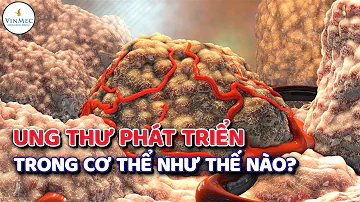 Ung thư phát triển trong cơ thể như thế nào?| BS Phan Trúc, BV Vinmec Times City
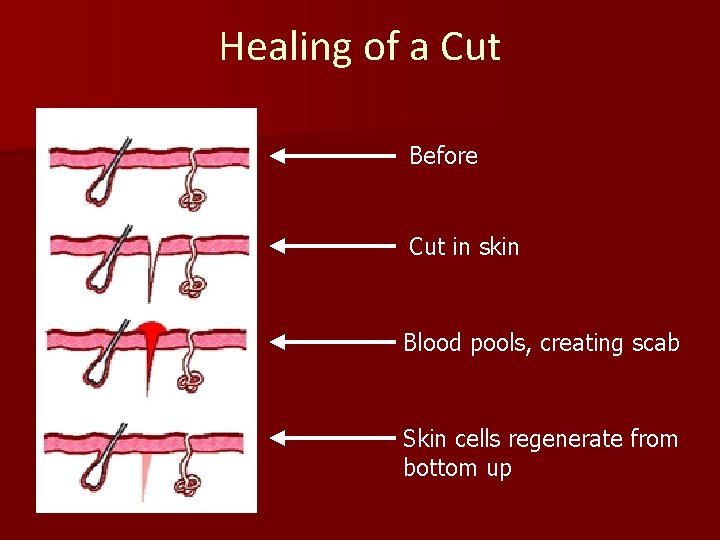 Healing of a Cut Before Cut in skin Blood pools, creating scab Skin cells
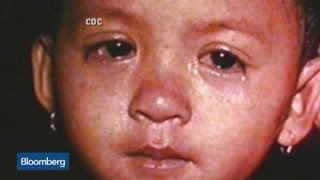 Measles Outbreak: The Social and Economic Costs Measles Outbreak: The Social and Economic Costs
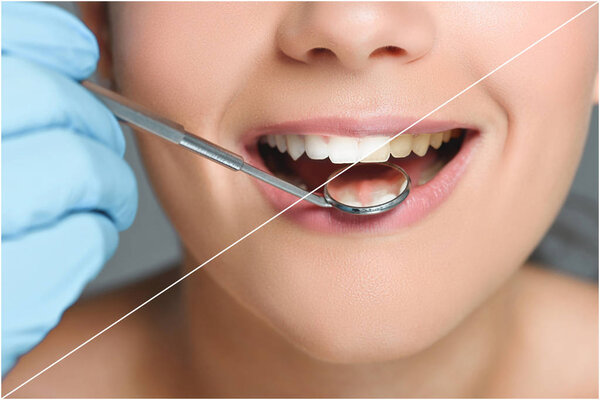 partial view of dentist with dental mirror checking teeth of happy woman, teeth whitening concept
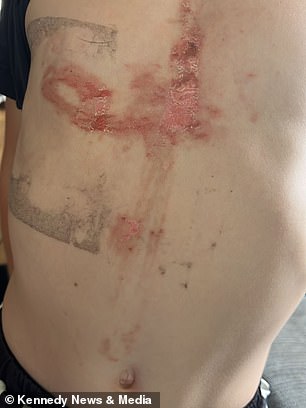 Giant hogweed toy axe leaves Kent boy with severe burns.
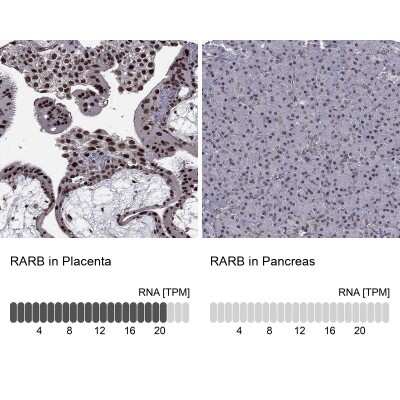 Immunohistochemistry-Paraffin: RAR beta/NR1B2 Antibody [NBP1-81776]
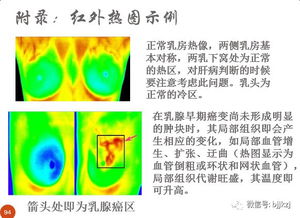 红外线热成像技术：风湿病的快速检测方法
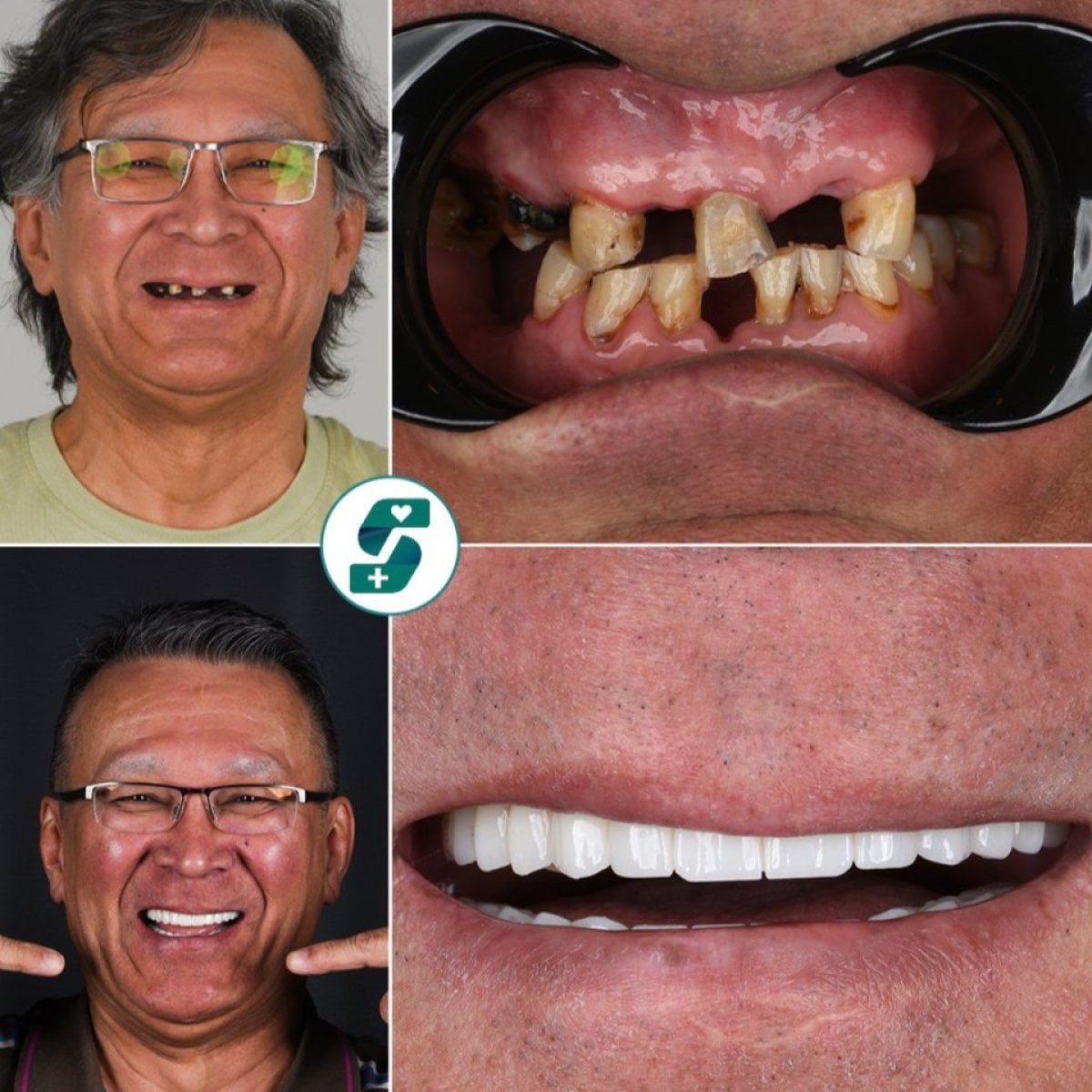 Antes y después de implantes dentales All-on-4 en Soraca Med – restauración total de sonrisa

....................

Repeat the full listing above without altering a word, and skip the pictures.

ANSWER BELOW:
 Ung thư phát triển trong cơ thể như thế nào?| BS Phan Trúc, BV Vinmec Times City
 Healing of a Cut Before Cut in skin Blood pools, creating scab Skin cells
 Measles Outbreak: The Social and Economic Costs Measles Outbreak: The Social and Economic Costs
 partial view of dentist with dental mirror checking teeth of happy woman, teeth whitening concept
 Giant hogweed toy axe leaves Kent boy with severe burns.
 Immunohistochemistry-Paraffin: RAR beta/NR1B2 Antibody [NBP1-81776]
 红外线热成像技术：风湿病的快速检测方法
 Antes y después de implantes dentales All-on-4 en Soraca Med – restauración total de sonrisa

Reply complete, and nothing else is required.